#### PROBLEM TO SOLVE
An exact copy of each record is required.
# # # #
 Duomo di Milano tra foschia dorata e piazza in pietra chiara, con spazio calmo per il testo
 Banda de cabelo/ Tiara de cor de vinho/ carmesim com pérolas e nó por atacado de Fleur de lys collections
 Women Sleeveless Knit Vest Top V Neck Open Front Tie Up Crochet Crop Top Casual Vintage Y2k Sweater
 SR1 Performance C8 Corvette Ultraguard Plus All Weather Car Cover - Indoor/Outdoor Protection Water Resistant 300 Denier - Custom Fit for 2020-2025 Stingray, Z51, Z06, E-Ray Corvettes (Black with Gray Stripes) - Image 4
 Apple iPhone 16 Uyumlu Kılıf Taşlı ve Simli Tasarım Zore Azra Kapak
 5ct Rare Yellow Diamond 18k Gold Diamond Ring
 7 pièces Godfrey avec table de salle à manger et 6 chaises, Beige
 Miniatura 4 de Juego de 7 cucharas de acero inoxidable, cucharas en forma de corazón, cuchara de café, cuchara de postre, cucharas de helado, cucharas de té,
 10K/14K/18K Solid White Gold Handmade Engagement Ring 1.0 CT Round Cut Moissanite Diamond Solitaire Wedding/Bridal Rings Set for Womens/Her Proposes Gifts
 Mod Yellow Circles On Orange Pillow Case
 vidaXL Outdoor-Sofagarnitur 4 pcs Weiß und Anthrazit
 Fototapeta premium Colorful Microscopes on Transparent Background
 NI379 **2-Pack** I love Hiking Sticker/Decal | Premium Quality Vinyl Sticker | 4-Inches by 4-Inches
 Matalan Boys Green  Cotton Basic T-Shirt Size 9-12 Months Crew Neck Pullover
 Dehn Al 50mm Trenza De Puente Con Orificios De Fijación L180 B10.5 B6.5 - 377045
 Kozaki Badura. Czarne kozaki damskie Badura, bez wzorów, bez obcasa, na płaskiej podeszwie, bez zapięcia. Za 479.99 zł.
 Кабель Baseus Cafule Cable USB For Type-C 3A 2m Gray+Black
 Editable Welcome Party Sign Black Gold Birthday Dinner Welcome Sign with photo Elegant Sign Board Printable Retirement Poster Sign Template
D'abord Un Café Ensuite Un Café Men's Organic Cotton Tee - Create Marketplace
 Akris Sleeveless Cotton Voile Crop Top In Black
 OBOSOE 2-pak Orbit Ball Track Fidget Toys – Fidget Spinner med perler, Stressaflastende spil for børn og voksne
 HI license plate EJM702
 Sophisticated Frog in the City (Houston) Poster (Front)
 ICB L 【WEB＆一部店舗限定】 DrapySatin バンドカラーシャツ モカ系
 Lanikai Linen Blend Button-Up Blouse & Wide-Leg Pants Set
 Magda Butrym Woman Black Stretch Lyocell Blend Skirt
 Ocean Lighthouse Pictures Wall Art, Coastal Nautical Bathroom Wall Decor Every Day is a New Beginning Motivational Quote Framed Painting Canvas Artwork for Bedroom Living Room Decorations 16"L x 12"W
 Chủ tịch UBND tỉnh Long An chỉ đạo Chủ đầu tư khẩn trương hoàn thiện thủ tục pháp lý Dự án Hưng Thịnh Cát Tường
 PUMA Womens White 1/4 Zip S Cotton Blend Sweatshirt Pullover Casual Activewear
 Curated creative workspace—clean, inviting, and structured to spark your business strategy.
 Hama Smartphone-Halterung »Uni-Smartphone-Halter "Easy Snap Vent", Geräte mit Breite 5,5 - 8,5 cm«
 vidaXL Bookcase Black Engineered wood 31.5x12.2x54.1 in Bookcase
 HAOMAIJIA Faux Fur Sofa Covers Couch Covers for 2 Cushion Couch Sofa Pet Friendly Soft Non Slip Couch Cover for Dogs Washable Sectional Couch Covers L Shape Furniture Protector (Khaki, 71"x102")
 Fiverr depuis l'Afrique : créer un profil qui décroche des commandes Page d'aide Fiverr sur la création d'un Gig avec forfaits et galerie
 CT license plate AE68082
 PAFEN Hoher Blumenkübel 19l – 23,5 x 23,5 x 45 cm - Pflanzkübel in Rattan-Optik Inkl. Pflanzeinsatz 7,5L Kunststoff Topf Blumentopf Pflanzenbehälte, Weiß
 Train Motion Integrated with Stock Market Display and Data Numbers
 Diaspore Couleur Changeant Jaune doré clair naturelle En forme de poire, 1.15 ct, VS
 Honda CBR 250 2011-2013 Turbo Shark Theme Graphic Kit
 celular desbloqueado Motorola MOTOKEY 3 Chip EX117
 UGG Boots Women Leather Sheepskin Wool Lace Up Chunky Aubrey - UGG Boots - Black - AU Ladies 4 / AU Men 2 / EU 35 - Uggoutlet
# # # #
#### TASK RESPONSE
 Duomo di Milano tra foschia dorata e piazza in pietra chiara, con spazio calmo per il testo
 Banda de cabelo/ Tiara de cor de vinho/ carmesim com pérolas e nó por atacado de Fleur de lys collections
 Women Sleeveless Knit Vest Top V Neck Open Front Tie Up Crochet Crop Top Casual Vintage Y2k Sweater
 SR1 Performance C8 Corvette Ultraguard Plus All Weather Car Cover - Indoor/Outdoor Protection Water Resistant 300 Denier - Custom Fit for 2020-2025 Stingray, Z51, Z06, E-Ray Corvettes (Black with Gray Stripes) - Image 4
 Apple iPhone 16 Uyumlu Kılıf Taşlı ve Simli Tasarım Zore Azra Kapak
 5ct Rare Yellow Diamond 18k Gold Diamond Ring
 7 pièces Godfrey avec table de salle à manger et 6 chaises, Beige
 Miniatura 4 de Juego de 7 cucharas de acero inoxidable, cucharas en forma de corazón, cuchara de café, cuchara de postre, cucharas de helado, cucharas de té,
 10K/14K/18K Solid White Gold Handmade Engagement Ring 1.0 CT Round Cut Moissanite Diamond Solitaire Wedding/Bridal Rings Set for Womens/Her Proposes Gifts
 Mod Yellow Circles On Orange Pillow Case
 vidaXL Outdoor-Sofagarnitur 4 pcs Weiß und Anthrazit
 Fototapeta premium Colorful Microscopes on Transparent Background
 NI379 **2-Pack** I love Hiking Sticker/Decal | Premium Quality Vinyl Sticker | 4-Inches by 4-Inches
 Matalan Boys Green  Cotton Basic T-Shirt Size 9-12 Months Crew Neck Pullover
 Dehn Al 50mm Trenza De Puente Con Orificios De Fijación L180 B10.5 B6.5 - 377045
 Kozaki Badura. Czarne kozaki damskie Badura, bez wzorów, bez obcasa, na płaskiej podeszwie, bez zapięcia. Za 479.99 zł.
 Кабель Baseus Cafule Cable USB For Type-C 3A 2m Gray+Black
 Editable Welcome Party Sign Black Gold Birthday Dinner Welcome Sign with photo Elegant Sign Board Printable Retirement Poster Sign Template
D'abord Un Café Ensuite Un Café Men's Organic Cotton Tee - Create Marketplace
 Akris Sleeveless Cotton Voile Crop Top In Black
 OBOSOE 2-pak Orbit Ball Track Fidget Toys – Fidget Spinner med perler, Stressaflastende spil for børn og voksne
 HI license plate EJM702
 Sophisticated Frog in the City (Houston) Poster (Front)
 ICB L 【WEB＆一部店舗限定】 DrapySatin バンドカラーシャツ モカ系
 Lanikai Linen Blend Button-Up Blouse & Wide-Leg Pants Set
 Magda Butrym Woman Black Stretch Lyocell Blend Skirt
 Ocean Lighthouse Pictures Wall Art, Coastal Nautical Bathroom Wall Decor Every Day is a New Beginning Motivational Quote Framed Painting Canvas Artwork for Bedroom Living Room Decorations 16"L x 12"W
 Chủ tịch UBND tỉnh Long An chỉ đạo Chủ đầu tư khẩn trương hoàn thiện thủ tục pháp lý Dự án Hưng Thịnh Cát Tường
 PUMA Womens White 1/4 Zip S Cotton Blend Sweatshirt Pullover Casual Activewear
 Curated creative workspace—clean, inviting, and structured to spark your business strategy.
 Hama Smartphone-Halterung »Uni-Smartphone-Halter "Easy Snap Vent", Geräte mit Breite 5,5 - 8,5 cm«
 vidaXL Bookcase Black Engineered wood 31.5x12.2x54.1 in Bookcase
 HAOMAIJIA Faux Fur Sofa Covers Couch Covers for 2 Cushion Couch Sofa Pet Friendly Soft Non Slip Couch Cover for Dogs Washable Sectional Couch Covers L Shape Furniture Protector (Khaki, 71"x102")
 Fiverr depuis l'Afrique : créer un profil qui décroche des commandes Page d'aide Fiverr sur la création d'un Gig avec forfaits et galerie
 CT license plate AE68082
 PAFEN Hoher Blumenkübel 19l – 23,5 x 23,5 x 45 cm - Pflanzkübel in Rattan-Optik Inkl. Pflanzeinsatz 7,5L Kunststoff Topf Blumentopf Pflanzenbehälte, Weiß
 Train Motion Integrated with Stock Market Display and Data Numbers
 Diaspore Couleur Changeant Jaune doré clair naturelle En forme de poire, 1.15 ct, VS
 Honda CBR 250 2011-2013 Turbo Shark Theme Graphic Kit
 celular desbloqueado Motorola MOTOKEY 3 Chip EX117
 UGG Boots Women Leather Sheepskin Wool Lace Up Chunky Aubrey - UGG Boots - Black - AU Ladies 4 / AU Men 2 / EU 35 - Uggoutlet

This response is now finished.